On a recent trip to the Union Square Greenmarket, I was introduced to the wild world of basil. Pretty crazy, I know. But at one of the kiosks, there were a half dozen different types of basil available for sale. Needless to say I was overwhelmed. I decided to start small and walked away with two of the more familiar types: lemon basil and sweet basil - as well as a burning curiosity about the four others I had left behind - thai, mexican, cinnamon and genovese. All of which I plan to tackle before the summer's end...but for now, three variations of my own:
As my first experience with lemon basil, I decided to start basic by making a traditional pesto of garlic, pine nuts, parmesean cheese and olive oil. It gave off a surprisingly strong citrusy aroma, so I thought it best to pair it with some fish. I spread it over some baked salmon, finishing it with a sprinkle of parmesean and second under the broiler, which provided it with a great little crust. Served with a lemon wedge and a glass of white wine, the fish and lemon pesto complimented each other quite well.
For my next attempt, I played around with the traditional ingredients - particularly the garlic, which I mellowed out by roasting and the pine nuts, which I toasted to add some nuttiness. I blended with olive oil, sweet basil and loads of Parmesan cheese.

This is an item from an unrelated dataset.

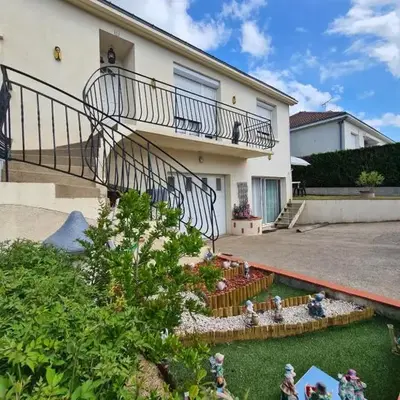 2 logements séparés 2 et 5 couchages au Rez-de-Chaussée à Chambretaud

Mixed with some whole wheat farfalle to accentuate the nuttiness of the concoction, it was mild, creamy and smooth -and thanks to the roasted garlic, I was still kissable at the end of the night.
And with the last remaining lemon basil, I made a sweet pea pesto - pureeing fresh petite peas, sweet basil, a few sprigs of mint, and some raw almonds, I created a mild, sweet spread - one almost too delicate to pair with a piece of meat or a hearty pasta. So channeling a bruschetta I had shared at 'ino recently, I decided to dollop it onto a warm baguette, sprinkled it with pecorino cheese and just had at it. It tasted as fresh as Spring. And thanks to my freezer and an ice cube tray - a taste I will be enjoying again sometime this winter when I need a little green.